No. Buddhism is a perfectly okay religion and Lord Buddha even said some nice things about the Merchant class. The problem for the Burmese was that their language was so saturated with Buddhism that Communist ideas, translated into Burmese, became ethical or soteriological rather than historicist or strategic. For example, when Thakin Soe and Than Tun (Aung San's brother in law) wrote the first book on Marxism, the term they used for the Marxist dialectic was 'anya-manya' which conveyed something like 'the system of phenomenal correlation' rather than anything involving evolution by means of sublation or synthesis.
Rapid advances in Burmese higher education, as well as dramatic changes in the World Order which projected young Leftists into positions of National leadership and Global standing, meant that Thakin Soe's conceptualization of Marxism soon ceased to be productive of creative thought.
Certainly, by the time of the military coup in 1962, the Junta's official ideology of anya manya Th'baw tra (System of Correlation between Man and his Environment (SCME) based on the work of a student of Thakin Soe, U Chit Hlaing) was considered neither Buddhist nor Marxist nor other than fuckwitted by most intellectuals.

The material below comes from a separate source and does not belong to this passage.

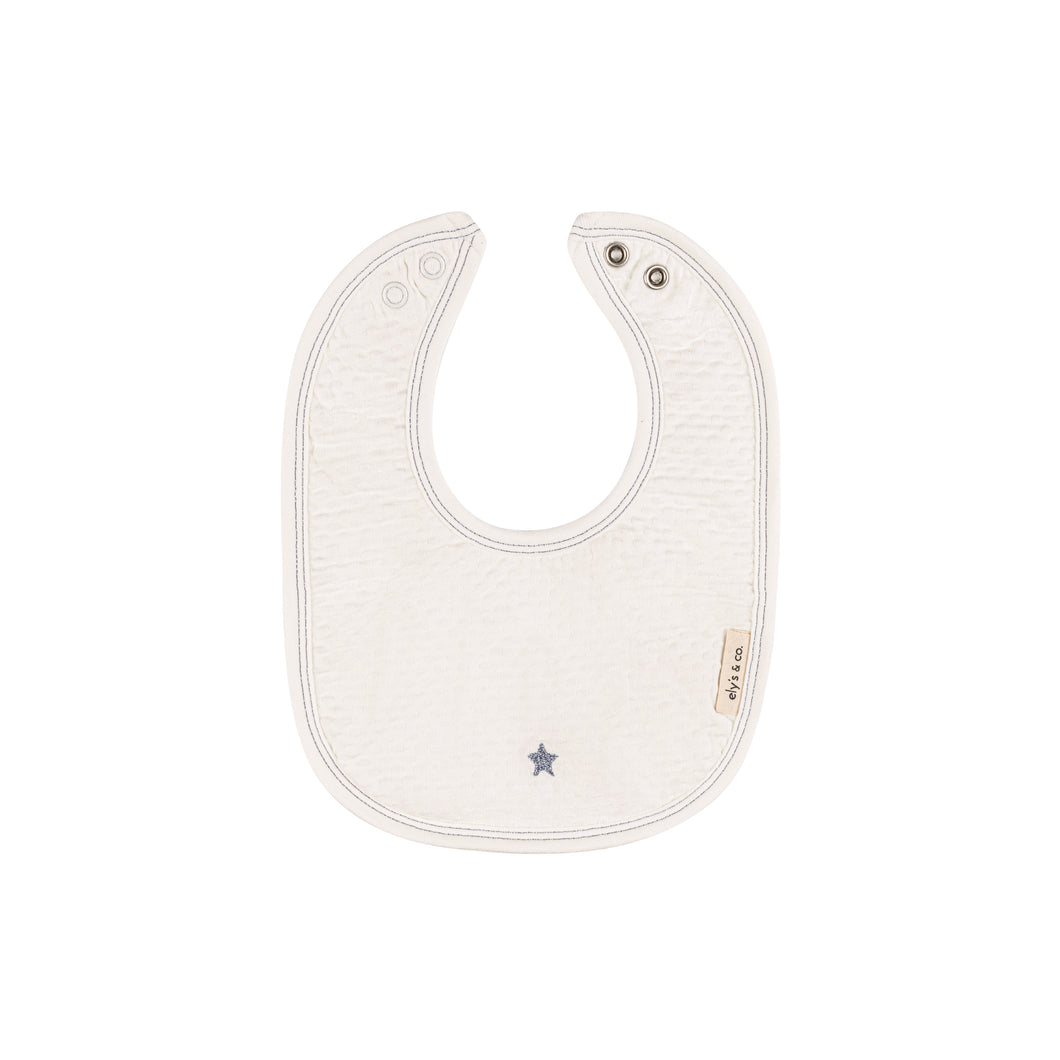 Embroidered star bib - Ivory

However, the Burmese Communists obsession with purity of doctrine- in particular their bizarre insistence that to gain power save by revolutionary means was illegitimate and represented the heresy of 'Browderism'- had by no means disappeared in the 20 years following Aung San's assassination. Rather it had gained in virulence and led to violent purges of Party loyalists- including, the Bengali, Ghosal who had himself denounced Browder many years previously.
It is tempting to speculate that Burmese Buddhism lays greater stress on 'proper means' and this somehow forecloses 'multiple realizability' in a manner which explains the bloody and apparently quite pointless internecine problems of the Burmese Left. The truth is less interesting and probably has to do with getting hold of guns and canon fodder.